What a great looking litter, they are very dark, but so is Mom. they look all black and reds to me, what do you think? 

Congrats on the pups, it will be fun to watch them grow.


----------



## FG167 (Sep 22, 2010)

Awww they are so cute!!! Can't wait to see more pics as they grow


----------



## Gilly1331 (Apr 16, 2011)

So beautiful! I love watching them grown and change! Keep posting pics of them throughout the process!


----------



## DanielleOttoMom (May 11, 2010)

Awww to cute for words.... Are they all black and tan??


----------



## GSDBESTK9 (Mar 26, 2002)

Yes, Black and Tan, one Bicolor.


----------



## KZoppa (Aug 14, 2010)

they're adorable!!! Such a good thing to see when i get online first thing!


----------



## DanielleOttoMom (May 11, 2010)

They are too cute! Mommy looks very happy with her babies.


----------



## frenchie27 (Jan 12, 2008)

Awhhhh, please post more pics to watch them grow!!! They are beautiful....Hope one or two remain black like mine, they are just really uncommon....


----------



## BluePaws (Aug 19, 2010)

I was wondering when you were gonna post puppy pics, since you started asking for puppy names!!!  Who's the Daddy Dog? 
Can't wait to watch 'em grow up!! Love your pups, so much beauty and talent!


----------



## GSDBESTK9 (Mar 26, 2002)

Thank you! The daddy is our Dorian.


----------



## sagelfn (Aug 13, 2009)

:wub: The General makes some great pups :congratulations:


----------



## Smoktya (Jun 8, 2010)

you have such a clean kennel for them. My breeder should be taking some advice from you. Here is a pic of one of hers.


----------



## sagelfn (Aug 13, 2009)

maybe you should find another breeder...


----------



## Smoktya (Jun 8, 2010)

sagelfn said:


> maybe you should find another breeder...

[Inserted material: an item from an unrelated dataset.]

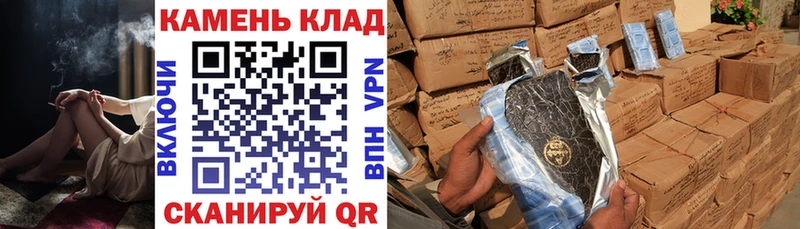 ГАШ ice o lator  Купить закладки  Уварово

Not buying another one from her that is for sure. I never saw the inside of the house, just the outside. I found those pictures on the website and was horrified.


----------



## sagelfn (Aug 13, 2009)

OH... I thought you were getting one of the pups pictured.


----------



## GSDBESTK9 (Mar 26, 2002)

sagelfn said:


> :wub: The General makes some great pups :congratulations:


She sure does!  Funny, we received an email from Branca's (Gala's mini me daughter) owner and in the email I read something about... "she sure keeps us on our tippy toes!"   :rofl:


----------



## Jelpy (Nov 8, 2009)

Oh The Horror! The Horror! Little Baby Terrorists Alert! 

Jelpy and the Mesquite Mafia


----------



## Jax08 (Feb 13, 2009)

Gala babies.


----------



## Hundguy (Apr 30, 2003)

selzer said:


> Walking, eyes open, you know what comes next....


Yup, Lots and Lots of....


----------



## Pattycakes (Sep 8, 2010)

:wub: Gala's pups are just too adorable!


----------



## cindy_s (Jun 14, 2009)

New adorabe puppies!!!!!!! :wub:


----------



## sagelfn (Aug 13, 2009)

GSDBESTK9 said:


> She sure does!  Funny, we received an email from Branca's (Gala's mini me daughter) owner and in the email I read something about... "she sure keeps us on our tippy toes!"   :rofl:


:laugh: I bet! Branca was a favorite(because she was Gala's mini me), loved your puppy updates of her. I haven't seen any of her in a while oke:


----------